Soon, Prop 207 will start allowing the expungement of qualifying prior convictions
Additionally, starting on July 12, 2021, prior convictions for those offenses will become eligible for expungement. Arrest records and charges will also be expunged and will not be able to be used against a person for any reason. Once an expungement is requested, the burden will be on the State to prove why a case is not eligible for expungement, and without that proof, then the matter must be expunged. This is a far more expansive relief than has ever been available in Arizona before.
The Arizona Supreme Court is authorized to adopt new rules and procedures for expungement under Prop 207, so the exact mechanisms of how to have your record expunged may change before July 12, 2021. Our attorneys are excited and prepared to help people clear their marijuana records as soon as possible.
If you have a recent conviction and are still on probation, consider filing a petition for early termination of probation.
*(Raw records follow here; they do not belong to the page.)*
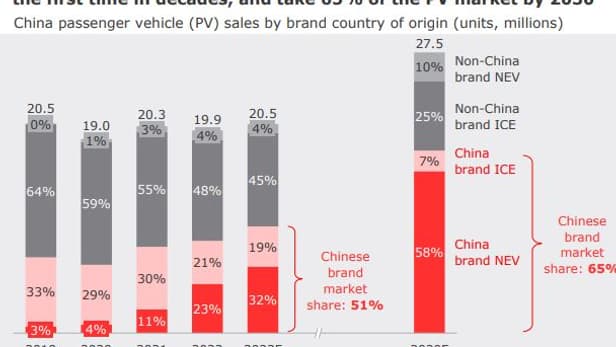 Les marques chinoises dépasseront pour la première fois les marques étrangères en 2023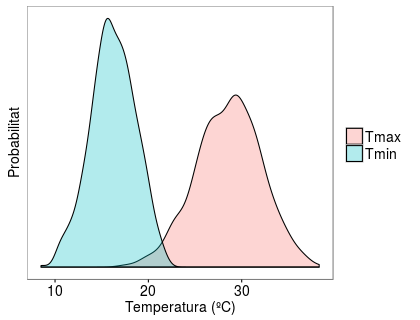 Canvi climàtic i variabilitat climàtica. Sabem realment què és el clima?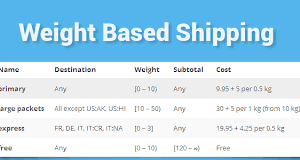 WooCommerce Weight Based Shipping v5.3.18 破解版插件下载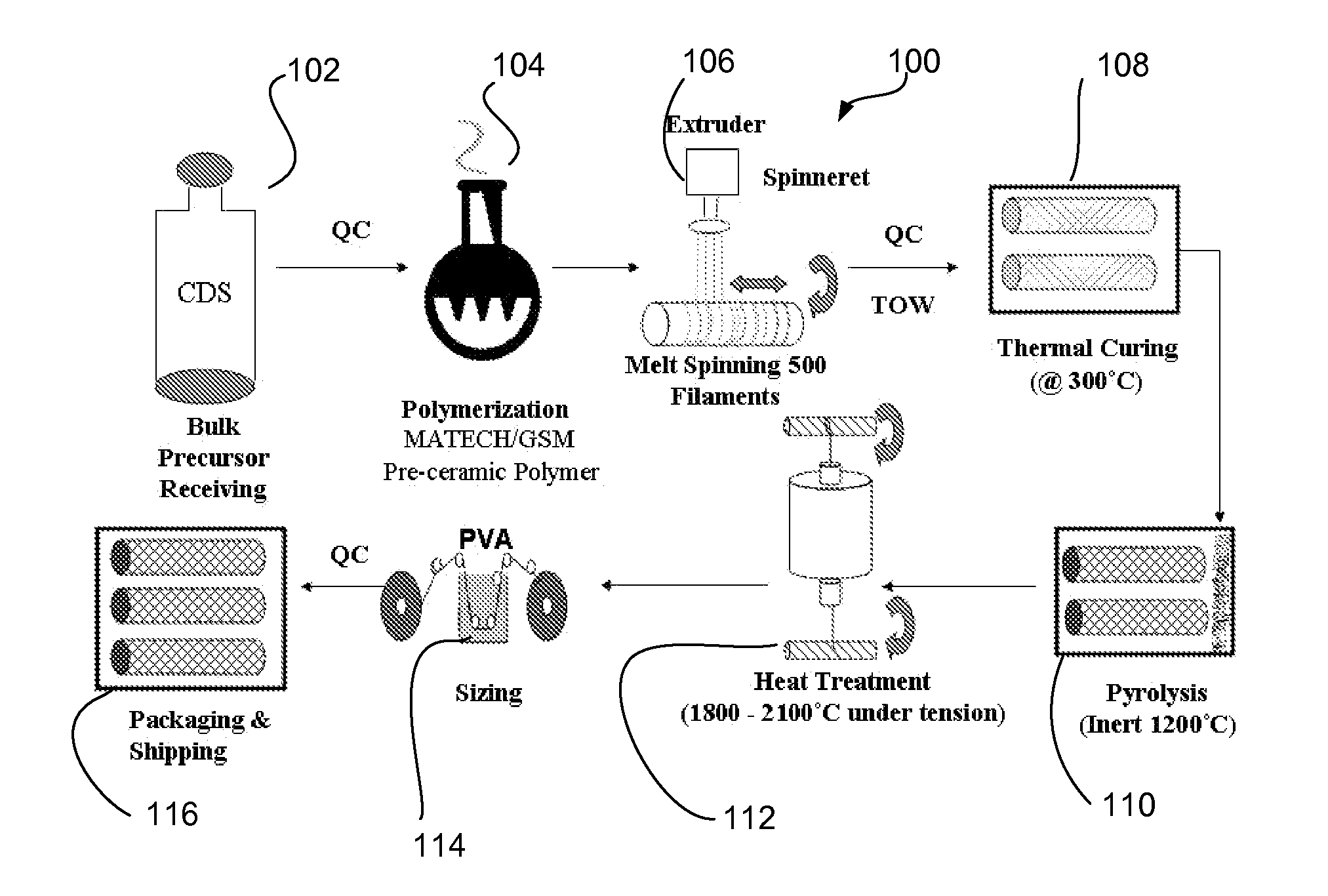 Stiochiometric silicon carbide fibers from thermo-chemically cured polysilazanes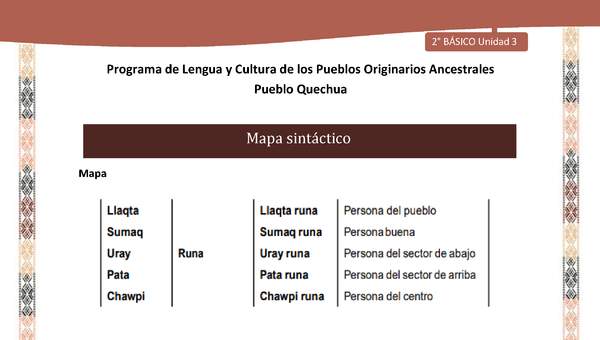 QUECHUA-LC02-U03-Orientaciones al docente - Mapa sintáctico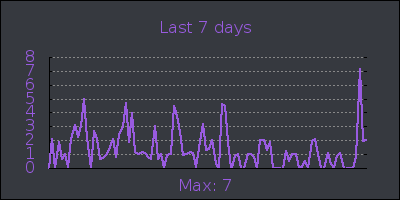 week.png
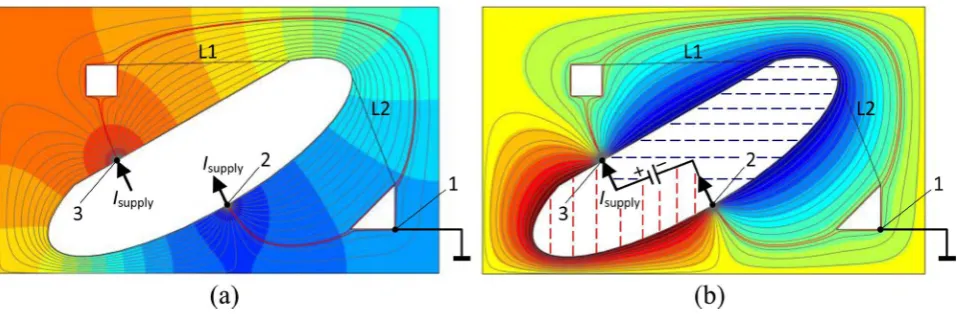 Figure 9, where we played with the position of the current contacts on the large  
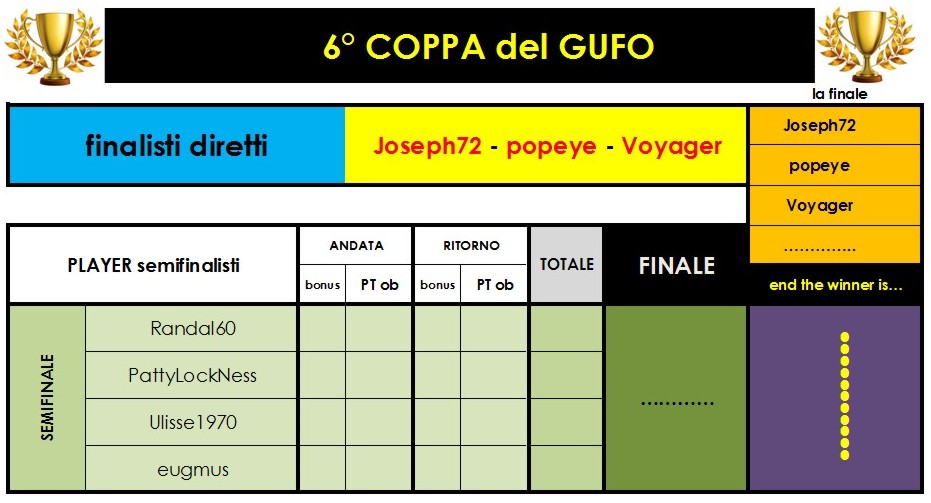 Nome:   6° coppa del GUFO.jpg
Visite:  173
Grandezza:  96.5 KB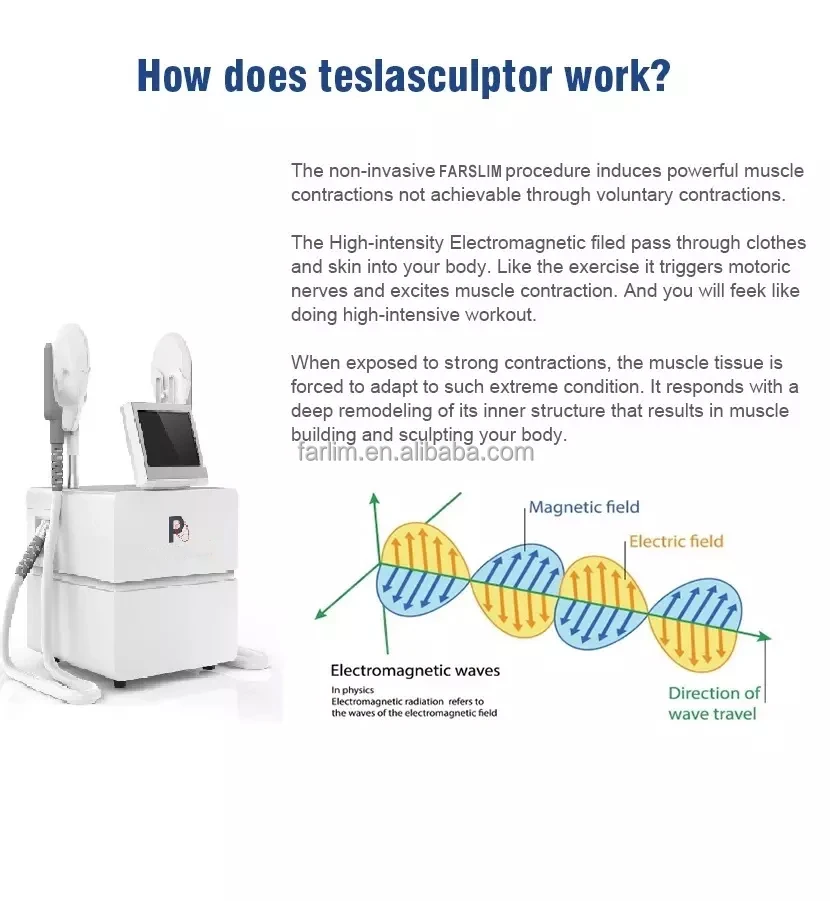 Profession 2 handles High intensity electromagnetic No-invasive FARSLIM fat burning muscle sculpting Tesla beauty machine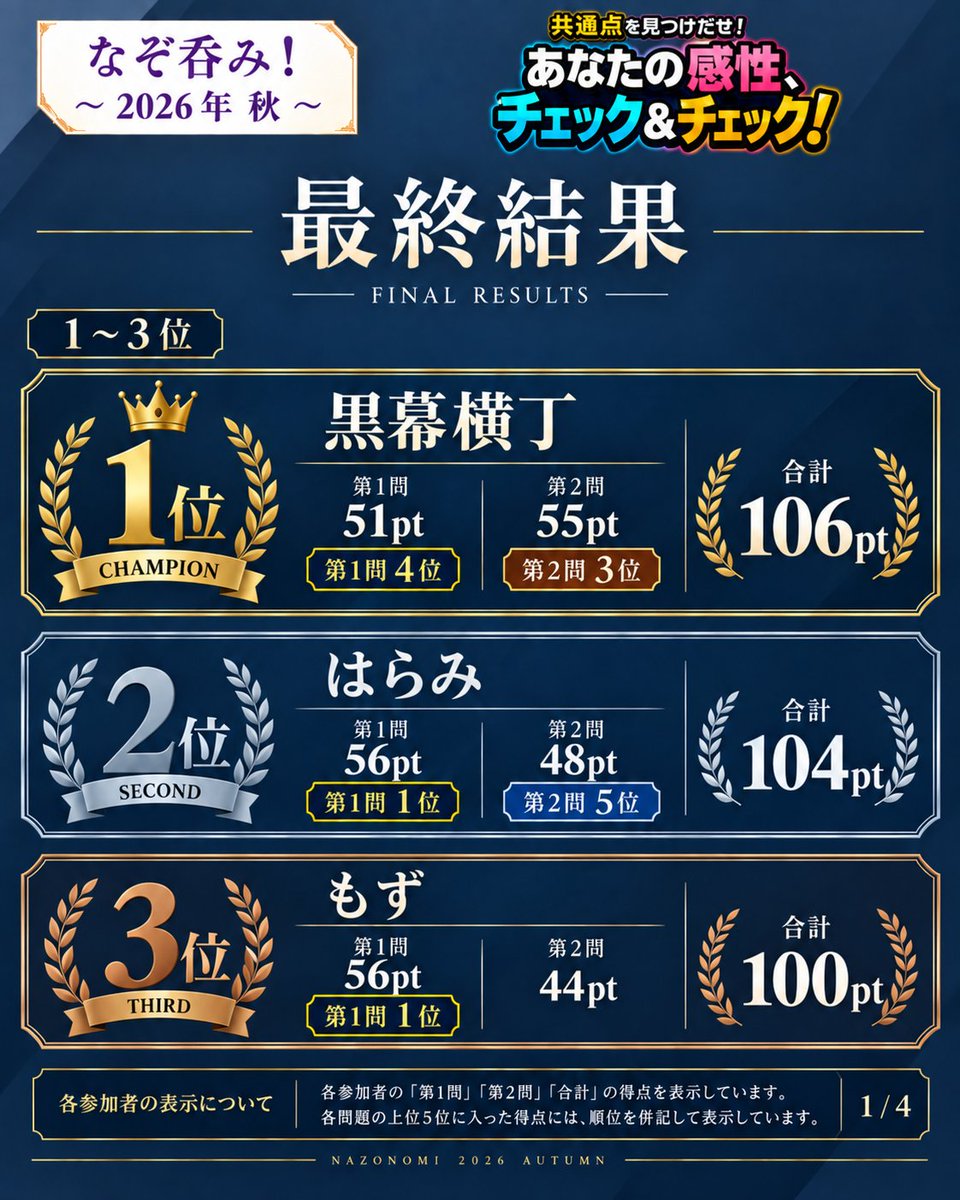 MysteryJ_nazo's tweet photo. なぞ呑み内の企画のひとつ、
｢共通点を見つけ出せ！あなたの感性チェック&amp;チェック｣

の最終ランキングを発表します！🎉
���ンバーが綺麗にまとめてくれたので、保存&amp;ポストにご利用ください！✅

#なぞ呑み
#ナゾトキサミット6 https://t.co/ruddFL1b5W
Judges may be willing to grant such motions liberally if a conviction will be vacated and expunged shortly.
Prop 207 may change the way that prosecutors pursue other marijuana charges
We do not yet know the full extent of how Prop 207 will benefit defendants charged with marijuana or drug-related offenses. Prosecuting agencies may adopt new policies lowering or dropping more serious marijuana-related felonies, or they may resist Prop 207 and challenge its tenets in court. It will be important in your specific case for your attorney to assess whether Prop 207's passage can secure you a better outcome.